The parties do not dispute that plaintiff's federal claims accrued on August 27, 2011, when defendants allegedly aired the protected programming. Docket No. 5 at 11; Docket No. 8 at 7. Plaintiff filed this case on August 16, 2013. Docket No. 1-1 at 3. As plaintiff filed this case more than one year after its federal claims accrued, its federal claims are time barred.
B. State Law Claim
Plaintiff asserts a supplemental state law claim for conversion. Plaintiff argues that it would be unfair to decline supplemental jurisdiction over its conversion claim because plaintiff originally brought this case in state court and defendants removed it. Docket No. 8 at 12.

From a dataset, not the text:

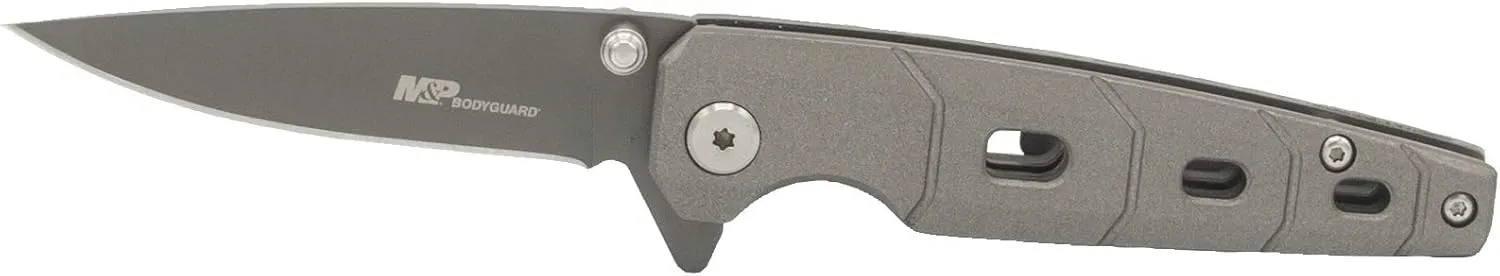 Smith & Wesson M&P Bodyguard 6.25in Ti-N S.S. Ultra-Glide Folding Knife with 2.75in Clip Point and Rubberized Aluminum Handle for Outdoor Survival and EDC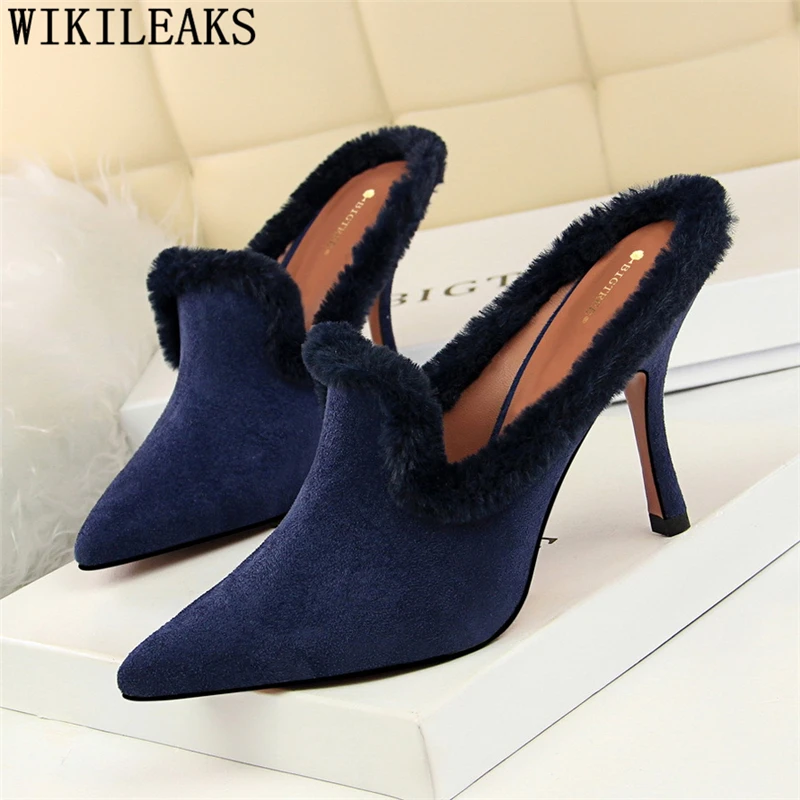 

fur shoes black heels mules shoes women Moccasin dress shoes women Fetish high heels tacones altos mujer sexy zapatos de mujer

In the Tenth Circuit, when "the district court has dismissed all claims over which it has original jurisdiction, " 28 U.S.C. § 1367(c)(3), courts must dismiss pendent state law claims without prejudice "absent compelling reasons to the contrary.'" Brooks v. Gaenzle, 614 F.3d 1213, 1230 (10th Cir. 2010) (quoting Ball v. Renner, 54 F.3d 664, 669 (10th Cir. 1995) (reversing the district court's grant of summary judgment on state law claims)). "Compelling reasons to the contrary" may include considerations of judicial economy, convenience, fairness, and comity. Carnegie-Mellon University v. Cohill, 484 U.S. 343, 350 (1988).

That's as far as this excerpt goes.